The National Association of Evangelicals issued a press release yesterday stating “Rev. Haggard has rightfully submitted himself to the pastoral oversight and ecclesiastical discipline of the independent New Life Church board of overseers.”
The executive committee will huddle soon to discuss their options in dealing with the evermore salacious news coming out of the Haggard scandal.
So what’s on the meeting agenda? “This issue has so many dimensions,” said employment law attorney Tim Downing, an expert in discrimination based on sexual orientation and wrongful discharge litigation.
“My guess is that they are in closed door session to talk about his employment as the group’s president and spokesman,” he said. “If he is an at-will employee, they can do anything. If he has a written contract, they can fire him ‘for cause’. The meth purchase alone would be grounds for termination.”

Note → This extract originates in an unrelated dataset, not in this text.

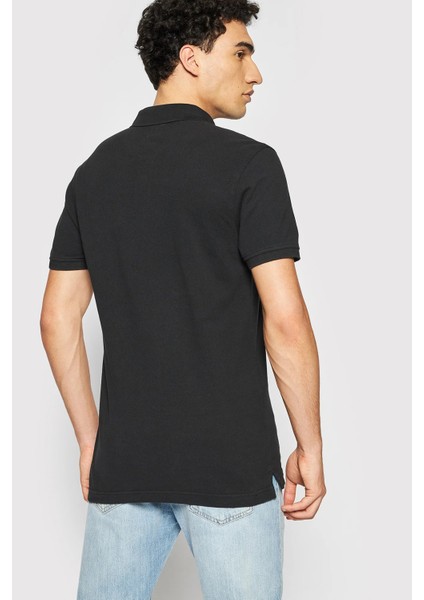 Pamuk Regular Fit Düğmeli Polo T Shirt Erkek Polo T Shirt A6332 fiyatları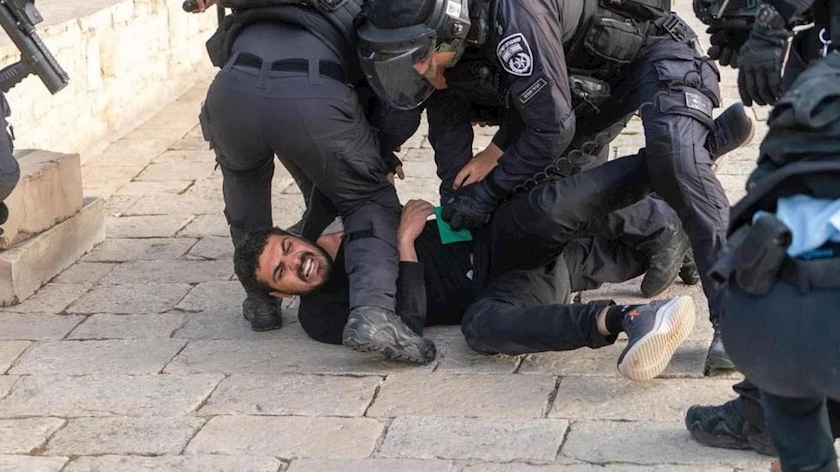 Iranpress: AIPU, Sudan condemn Israeli attack on al-Aqsa mosque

Federal law would shield Haggard from discrimination as a member of a protected class, such as age, gender or religion. It’s ironic that, as one who actively preached against gays and lesbians, he would not be legally protected if he admits to enaging in homosexual relations with gay escort Mike Jones. That may be part of the motivation for continuing to deny Jones’ allegations of a three-year intimate relationship.
Downing, who has written extensively on issues related to this scandal including how to lawfully conduct an internal investigation and employer drug policies, remarked that if Haggard were to challenge his termination that “he would have a tough row to hoe.” The NAE church leaders are the “biggest champions of bigots against gays. It’s harder for him to argue against these allegations.”
“Politically and realistically, I expect that they are going to throw him to the wolves” to protect their future fundraising prospects and consolidate their power until the media firestorm subsides.